Cash also plays a role in the illegal immigration problem that bedevils countries like the United States. It is incredible that some politicians talk seriously about building huge border fences, yet no one seems to realize that a far more humane and effective approach would be to make it difficult for U.S. employers to use cash to pay ineligible workers off the books and often below the minimum wage. Jobs are the big magnet that drives the whole process.

This is from the introduction to Kenneth S. Rogoff, The Curse of Cash. Rogoff is a prominent economics professor at Harvard University and former chief economist at the International Monetary Fund.

At a recent Liberty Fund conference in San Antonio where I was the discussion leader, and where chapters from Rogoff constituted 30% to 40% of the readings, I highlighted Rogoff’s thoughts on immigration. I had missed this passage above until my friend Jeff Hummel pointed it out.

Here, though, are the parts I did highlight in the discussion questions I suggested. They cover the same territory:

Whatever one’s position on legal immigration, few would argue with the proposition that under normal circumstances, countries have a sovereign right to control their borders and to determine their immigration policy. The issue is becoming increasingly prominent across advanced economies. Some US politicians are proposing extreme measures, such as building a giant razor wire fence across the US-Mexican border, much as Hungary has done and other European countries are considering. Yet there seems to be precious little awareness of how much more difficult and risky it would be for employers to routinely hire illegal workers if they could not pay in cash, and how phasing out paper currency might prove a far more effective remedy than the alternatives being considered.

To be clear, I strongly favor allowing increased legal migration into advanced economies. Any economist who takes income and wealth inequality seriously realizes that, despite the enormous progress of the past three decades, differences across countries simply swamp the within-country inequality that Thomas Piketty and others worry about. The 2015 Nobel Prize winner Angus Deaton, author of the 2013 book The Great Escape, has forcefully made this point. International migration from poor countries to advanced ones create massive welfare gains for the immigrants. The issue is likely to become an even more important humanitarian concern if, as likely seems the case, climate change makes some parts of the world that are now densely populated uninhabitable. One can hope that enabling countries to better control their borders might lead to a more rational debate on immigration policy, though I admit that might be optimistic.

Rather than ask the question I asked the participants, I’ll lay out the tension between these two passages.

On the one hand, Rogoff favors the right of the U.S. government to decide who enters and who stays. On the other hand, he favors more legal immigration and makes the case for it beautifully and succinctly. But he wants to cut down on illegal immigration and sees the elimination of $100 and $50 (and possibly $20) bills as an effective way to do so.

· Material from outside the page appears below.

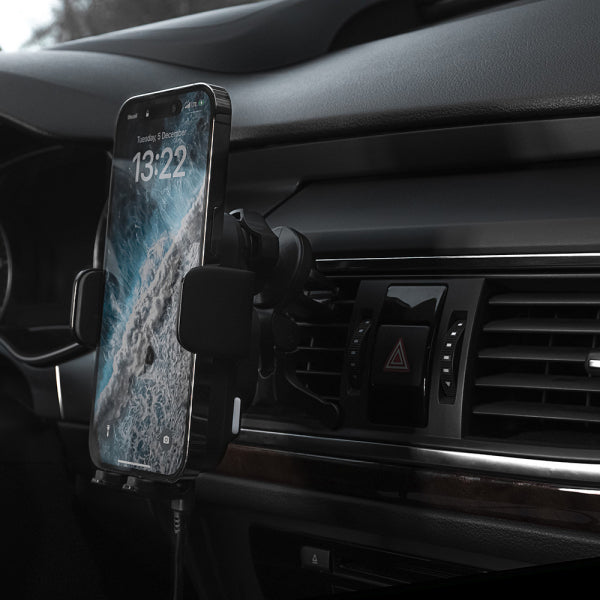 Proove Wireless Car Charger Triple Clamp, 15W, 1.67A, Black WHTC15010001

Here’s the problem. If Rogoff is right that eliminating these high-denomination bills will substantially reduce illegal immigration, then his policy will also substantially reduce the “massive welfare gains for immigrants.” The only situation under which the massive welfare gains would continue is if legal immigration increased a lot. He and I can both hope that we would have a more rational debate on immigration policy that would lead to, say, an additional one million or two million people a year allowed to immigrate to the United States. But Rogoff admits that that is optimistic.

So, realistically, where are we? Either the U.S. government does not eliminate high-denomination bills and that facilitates illegal immigration along with the huge gains to immigrants from being able to work at higher-wage jobs or the U.S. government does ban those bills and those massive gains become smaller. Much as Rogoff might hope for more legal immigration, it’s clear that if choosing between the two alternatives I have laid out, he would choose the one that reduces those gains and, therefore, preserves some of the massive inequalities.